An Alphabetical Index of the Saints of the West
http://www.orthodoxengland.btinternet.co.uk/saintsa.htm

These Lives are archived at:
http://groups.yahoo.com/group/celt-saints
╓╓╓╓╓╓╓╓╓╓╓╓╓╓╓╓╓╓╓╓╓╓╓╓╓╓\
╓╓╓╓╓╓

#4594 From: <ambrois@...>
Date: Wed Jun 6, 2012 8:11 am
Subject: 3 June #1
ambrois...
Send Email Send Email
 
Celtic and Old English Saints          3 June

=-=-=-=-=-=-=-=-=-=-=-=-=-=-=-=-=-=-=-=-=
* St. Kevin of Glendalough
* St. Cronan the Tanner
* St. Glunshallaich
=-=-=-=-=-=-=-=-=-=-=-=-=-=-=-=-=-=-=-=-=


St. Kevin of Glendalough, Abbot
--------------------------------------------
(Coaimhghin, Coemgen, Keivin)

Born at Fort of the White Fountain in Leinster, Ireland; died c. 618.
Kevin was born of Irish royalty, but that doesn't tell us much because
there were as many kings in Ireland as there were saints in Cornwall. He
was baptized as Kevin or Coemgen, which means the "Fair-begotten" by
Saint Cronan. As a boy he was sent to be educated at a monastery, where
he was fortunate enough to be a pupil of Saint Petroc of Cornwall, who
was then in Ireland.
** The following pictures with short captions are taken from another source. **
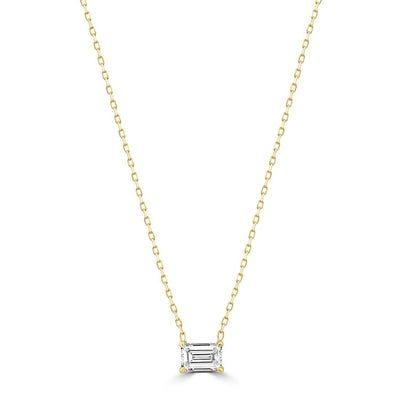 14K Yellow Gold Lab Grown Diamond Pendant with chain, Claw-Set Baguette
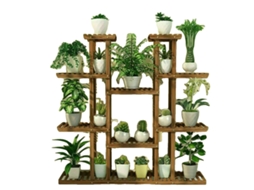 Suporte Para Plantas, 9 Andares, Design Durável Em Madeira E Metal, Marron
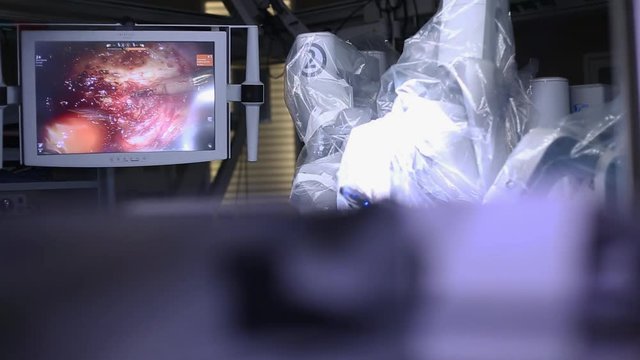 Medical operation involving robot. Medical robot. Robotic Surgery. 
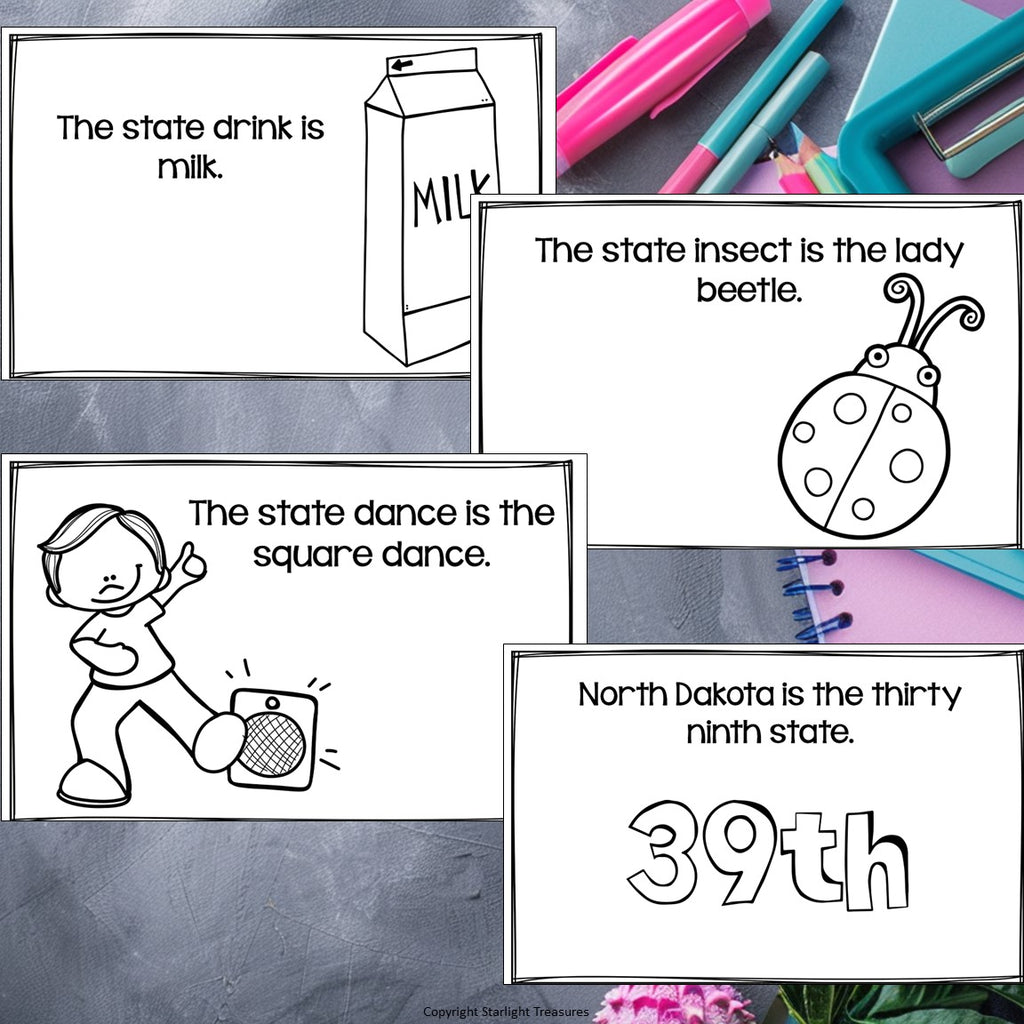 North Dakota Mini Book for Early Readers - A State Study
Kevin is best remembered as the abbot-founder of
Glendalough, County Wicklow, one of the most famous abbeys of Ireland.
After his ordination he settled as a hermit in the scenic Valley of the
Two Lakes by the Upper Lake, led there by an angel. This is at a place
now marked by a cave called "Saint Kevin's Bed," which was formerly a
Bronze Age tomb that he reused, and the Teampull na Skelling (the rock
church). After seven years as a solitary living on nettles and herbs, he
was persuaded to founded a monastery at Disert-Coemgen for the many
disciples he attracted. He made a pilgrimage to Rome and brought back
many relics for his foundation.
When the number who gathered around him became too numerous for the
site, the monastery was moved after his death (at age 120) down to the
Lower Lake. Still more churches were added to the east of the site
during the abbacy of Laurence O'Toole. Glendalough has always been a
popular pilgrimage site.

Kevin's extant vita may be based on actual facts although the earliest
was recorded about 400 years after his death. He is said to have fed his
community for some time on salmon supplied by an otter. (Unfortunately,
one of the monks wanted to make a
pair of warm gloves out of the otter's hide; the otter guessed what was
on his mind and was careful never to appear again!) He visited Saint
Ciaran of Clonmacnoise just before his death and Ciaran gave him his
bell. (Attwater, Benedictines, Delaney, Encyclopaedia, Farmer, Gill,
Montague, White).

"Wandering by himself though lonely places, the blessed Kevin came one
day upon a glen set in a hollow of the hills and lovely with running
water. For there were two lakes, and clear streams here and there
flowing down from the mountains. And he went up the valley to the head
of the glen where it narrows; there is a lake there, and the mountains
very high above it; it lies at their feet, and they rise from its very
verge. This valley used to be called in the Irish Glen De, but now it is
called Glen da Lough, that is the glen of the two lakes. And Saint Kevin
settled himself beside the lake in a hollow tree and lived in these
strait quarters for some while. Now and then he would go out to gather a
few herbs and eat them, and drink a little water. And so he lived, for
many days.

"Now a herd from a neighbouring farm (the master's name was Bi) would
some days bring his cows to pasture in this valley, where Saint Kevin
lived as a hermit. And God, being minded to show His servant Kevin to
men, made a cow from that herd
come daily to Saint Kevin in his hollow; and it would lick the Saint's
clothes. And towards evening when she would hear the lowing of the herd
returning, sated with green grass and well watered, and the high
shouting of the herdsmen driving their beasts, she would hurry to the
front of the herd, content with her own pasture.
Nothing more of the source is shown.